==== Information shown

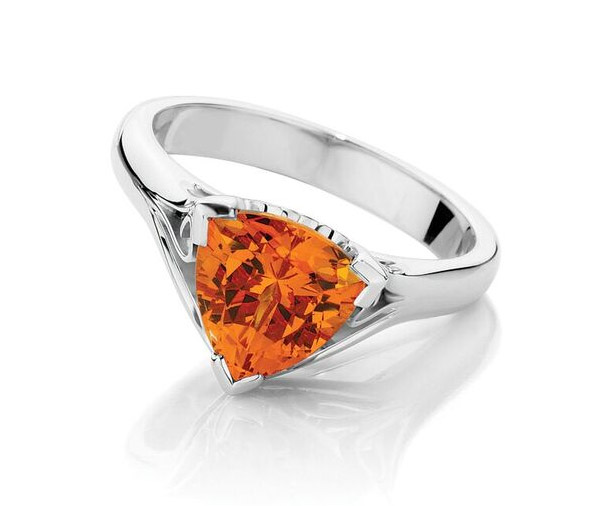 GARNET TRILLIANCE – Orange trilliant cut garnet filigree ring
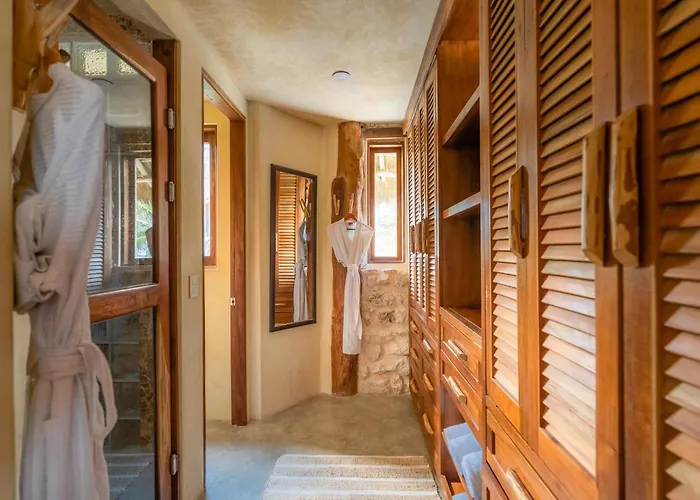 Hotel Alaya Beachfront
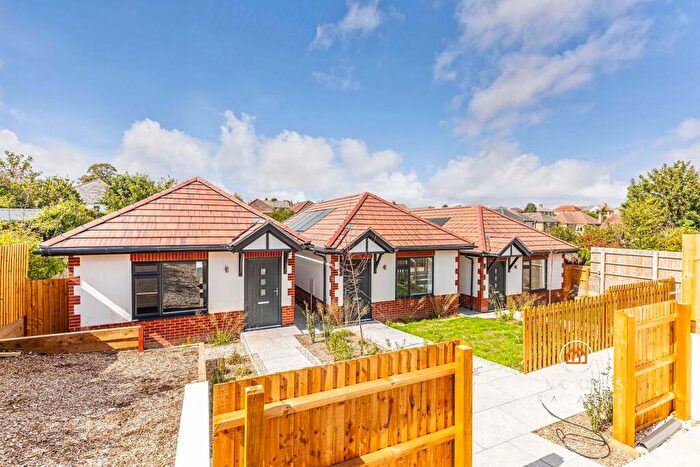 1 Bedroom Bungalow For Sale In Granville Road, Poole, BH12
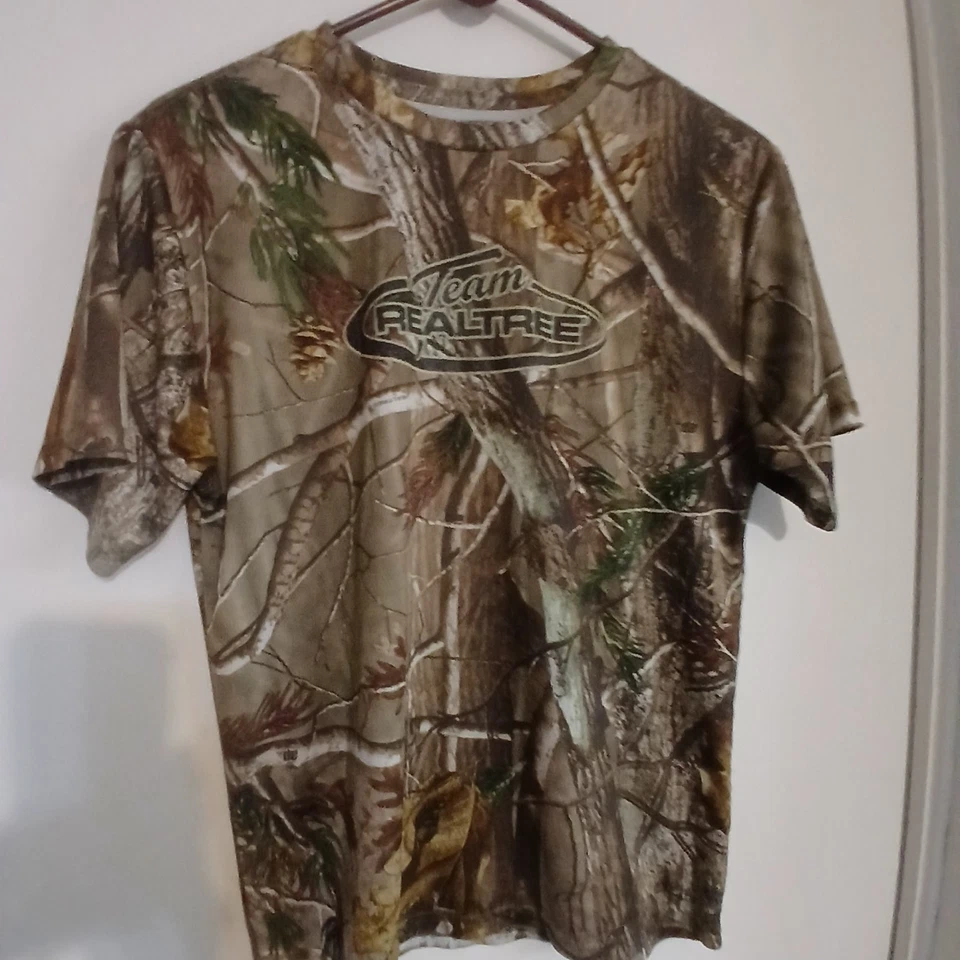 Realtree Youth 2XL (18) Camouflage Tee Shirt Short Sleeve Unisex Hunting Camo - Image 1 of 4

========

## Task prompt
Without reproducing any picture, repeat exactly the lines from the one containing "1 Bedroom Bungalow" through the last line of the material above, both ends included.

## Output of the exercise
 1 Bedroom Bungalow For Sale In Granville Road, Poole, BH12
 Realtree Youth 2XL (18) Camouflage Tee Shirt Short Sleeve Unisex Hunting Camo - Image 1 of 4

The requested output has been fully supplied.